The good sprout at home makes
Scares, horrors and relationship problems with Brazilians aside , the naturalist returned to England after 4 and a half years of travel, in 1836.
But he would only publish The Origin of Species , a book that would revolutionize the world, 23 years later, in 1859.
Bizzo explains that Darwin left England without having developed the Theory of Evolution — and returned to his country without being an evolutionist.
“It is not true that he developed the Theory of Evolution during the trip on the HMS Beagle. What he did over that time was collect a lot of material and know a good part of the world in a way that few people knew at that station “, explains the professor .
Those interviewed by BBC News Brasil described Darwin as a detailed , almost obsessive researcher , who carried out the most diverse experiments before making his theory public.

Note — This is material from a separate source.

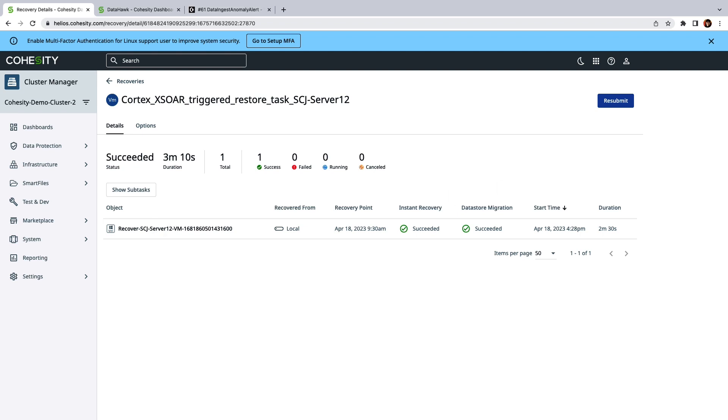This completes the demonstration. We did a tour of the new Palo Alto networks integration and reviewed the process of recovering a VM using an automated playbook.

“Darwin was a methodical and observant researcher”, characterizes Hauff.
One of these studies, for example, tried to discover how long mollusk eggs survive in the mud stuck to the legs of migratory birds.
“In one of his most inventive experiments, Darwin placed two duck feet, cut at knee height , inside an aquarium full of gluttonous rain snails . The theory was to simulate a bird sleeping with its feet stuck in a pond, a general habit of many species. Some time ago , he removed his feet from the aquarium, shook them both to imitate the flight of a bird and asked his children, who had much better vision, to count how many baby snails they would find in them”, describes the book Darwin no. Brazil .

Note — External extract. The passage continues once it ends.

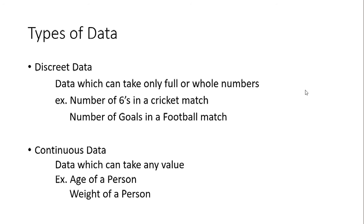So usually for representation purposes, we will approximate this continuous data to the nearest integer. For example, if I ask your age, you will say 25, but you might be 25 years and two months, or you might be 24 years and 11 months. So you will approximate to the nearest integer.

The naturalist also became a great expert on barnacles, marine organisms that settle on rocks — some of the work he published on these beings remains current today.
“He studied barnacles for about eight years, and even now it is very difficult to work with this species”, estimates Hauff.
“Darwin did all this because he didn’t want to create any gaps, as he was very afraid of how his ideas would be received and questioned with the station ‘s religiosity and morals “, assesses Alencastro.
“For this reason, he always tried to corner himself from the maximum amount of evidence possible, which ranged from home experiments to correspondence he exchanged with experts from all over the world”, he concludes.